Namun, pemikiran manusia yang ingin mencari jalan yang mudah dan tidak perlu repot serta disukai oleh banyak orang sudah ada di dalam natur manusia yang berdosa ini. Kesulitan, penderitaan, sakit, atau ketidakpastian ingin dihindari manusia secara intensional. Jikalau ada yang mudah mengapa harus mencari yang sulit? Seperti pengajaran Tuhan Yesus di bukit mengenai dua jalan (Matius 7:13-14), ada jalan yang luas, yang populer sehingga banyak orang yang masuk melalui pintunya yang lebar. Dan ada satu jalan yang sempit serta sulit diikuti, sehingga hanya sedikit orang yang menemukan jalan itu.

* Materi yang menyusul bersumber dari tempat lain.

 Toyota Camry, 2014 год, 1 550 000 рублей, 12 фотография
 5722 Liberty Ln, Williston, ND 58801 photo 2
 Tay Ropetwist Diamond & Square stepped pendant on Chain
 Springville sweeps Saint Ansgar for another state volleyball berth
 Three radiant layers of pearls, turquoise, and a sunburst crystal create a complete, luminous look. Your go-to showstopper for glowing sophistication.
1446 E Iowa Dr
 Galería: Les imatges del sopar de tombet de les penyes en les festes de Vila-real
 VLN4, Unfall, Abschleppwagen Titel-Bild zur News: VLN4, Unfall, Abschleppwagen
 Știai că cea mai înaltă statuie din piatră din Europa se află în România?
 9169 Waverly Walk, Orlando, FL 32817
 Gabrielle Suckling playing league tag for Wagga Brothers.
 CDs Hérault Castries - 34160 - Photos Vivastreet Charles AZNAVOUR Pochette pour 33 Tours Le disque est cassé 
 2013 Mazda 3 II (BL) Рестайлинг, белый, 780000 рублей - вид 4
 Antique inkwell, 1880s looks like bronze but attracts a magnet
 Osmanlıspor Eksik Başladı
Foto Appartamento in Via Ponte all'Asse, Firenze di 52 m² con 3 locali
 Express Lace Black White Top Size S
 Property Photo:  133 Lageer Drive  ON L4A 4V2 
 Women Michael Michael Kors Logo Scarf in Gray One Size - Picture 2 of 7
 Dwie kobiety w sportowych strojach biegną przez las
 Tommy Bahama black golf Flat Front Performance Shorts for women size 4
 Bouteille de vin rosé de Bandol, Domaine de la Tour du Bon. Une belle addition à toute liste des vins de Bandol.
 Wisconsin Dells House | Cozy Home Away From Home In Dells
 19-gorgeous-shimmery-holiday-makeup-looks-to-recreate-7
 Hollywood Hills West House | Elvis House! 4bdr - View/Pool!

Konteks bacaan Yohanes 14:1-14 bukanlah mengenai orang-orang yang belum mengenal Yesus sebagai Kristus atau Mesias, melainkan pada permasalahan alternatif ‘rute terpendek’ yang mereka harapkan dapat Yesus berikan kepada mereka. Yesus selalu saja menampilkan suatu sikap yang di luar ekspektasi para murid, sikap yang terbalik dari harapan orang banyak, bahkan menjungkirbalikan tradisi yang sudah lama mendarah daging dalam budaya Yahudi. Kekristenan mempercayai bahwa di dunia ini, bawah kolong langit ini, jalan keselamatan hanya ada 1 jalan saja, yaitu melalui iman kepada Yesus Kristus yang telah menggantikan manusia untuk mati karena dosa dan menyatakan kemenangan atas maut dengan bangkit dari kematian (baca: Kisah Para Rasul 4:12).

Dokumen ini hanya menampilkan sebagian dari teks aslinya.